Il trattamento riservato a Zelensky, così come era accaduto con il ritiro di Joe Biden dall’Afghanistan, servirà inoltre alla Cina per lanciare un monito ai vicini asiatici. Come a dire: «Non fatevi arruolare da Washington in crociate anti cinesi, perché poi quando avrete bisogno del loro aiuto vi abbandoneranno». Biden ha passato quattro anni a cercare di rassicurare gli alleati regionali, riuscendo a rinsaldare un’architettura di sicurezza che ora però rischia di sgretolarsi.

I FILMATI in cui Trump e Vance umiliano Zelensky vengono osservati con particolare sgomento a Taiwan, dove c’è chi inizia a temere un simile trattamento da parte degli Usa, il cui comportamento potrebbe allo stesso modo accelerare le azioni di Pechino. Taipei sta faticosamente cercando un modo per ammansire la Casa bianca con acquisti di armi e accordi sulle catene di approvvigionamento, ma senza cedere al diktat del trasferimento tecnologico sui chip.

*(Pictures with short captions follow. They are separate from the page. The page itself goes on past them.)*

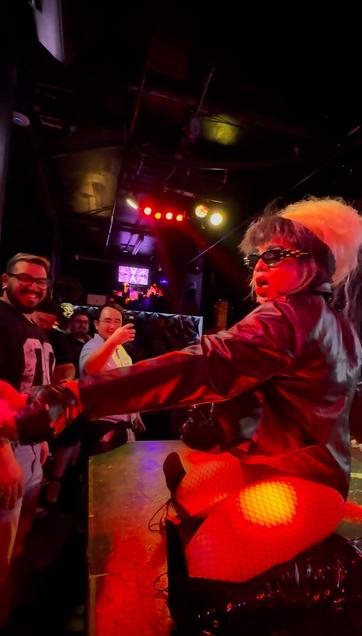 A drag queen in black thigh high boots, fishnet stocking, and leather jacket is performing on stage. She is on her knees arm stretched out to accept money being offered from the audience.  Different men, tall, short, Latino, Asian, can be seen near the edge of the stage watching and giving her money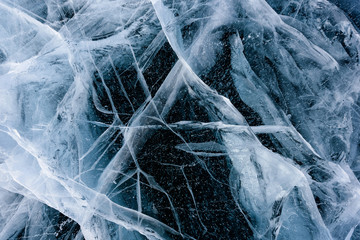 Beautiful ice of Lake Baikal with abstract cracks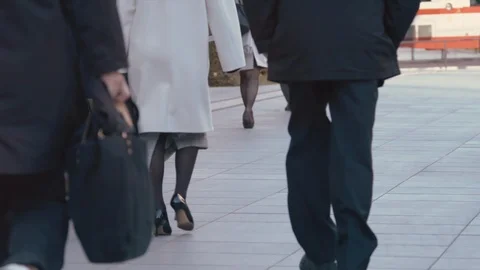 Slowmotion - People walking on sidewalk ( Foot video Tokyo station at winter ) Stock Footage 88976289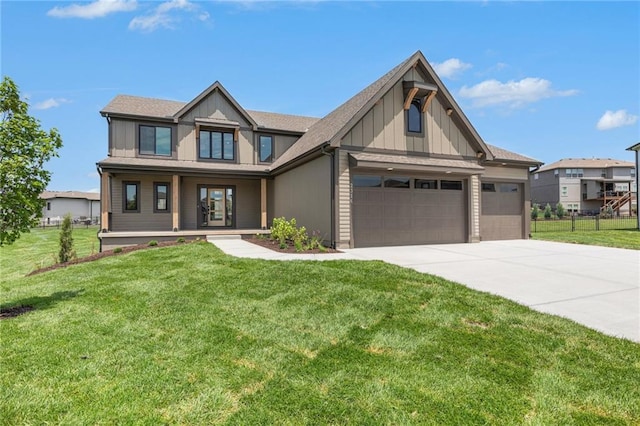 2314 SW Serena Pl, Lees Summit, MO 64082 - view of front of home with driveway, an attached garage, covered porch, and board and batten siding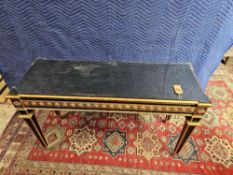A Louis XVI Style Ebonised And Gilt Console Table The Canted Top Raised Over A Decorative Frieze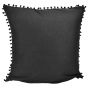 The back of this pillow is solid black with tiny pompoms on the edges.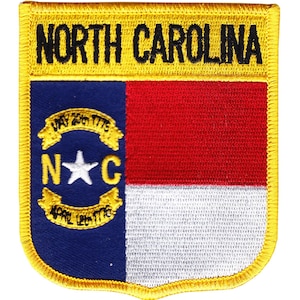 May include: A yellow embroidered patch with the words "NORTH CAROLINA" at the top and the state flag in the center. The flag features a blue field with a white star in the center of a white circle surrounded by a yellow wreath. The circle has the letters "N" and "C" on either side of the star. The flag is divided horizontally with a red stripe above a white stripe.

Preoccupazione anche in Giappone, dove il premier Shigeru Ishiba continua a covare la tortuosa idea di una Nato asiatica, e in Corea del sud. A Seul cresce il partito di chi vorrebbe sviluppare armi nucleari autoctone per non dipendere dall’America. Un desiderio che si sta pericolosamente insinuando a diverse latitudini.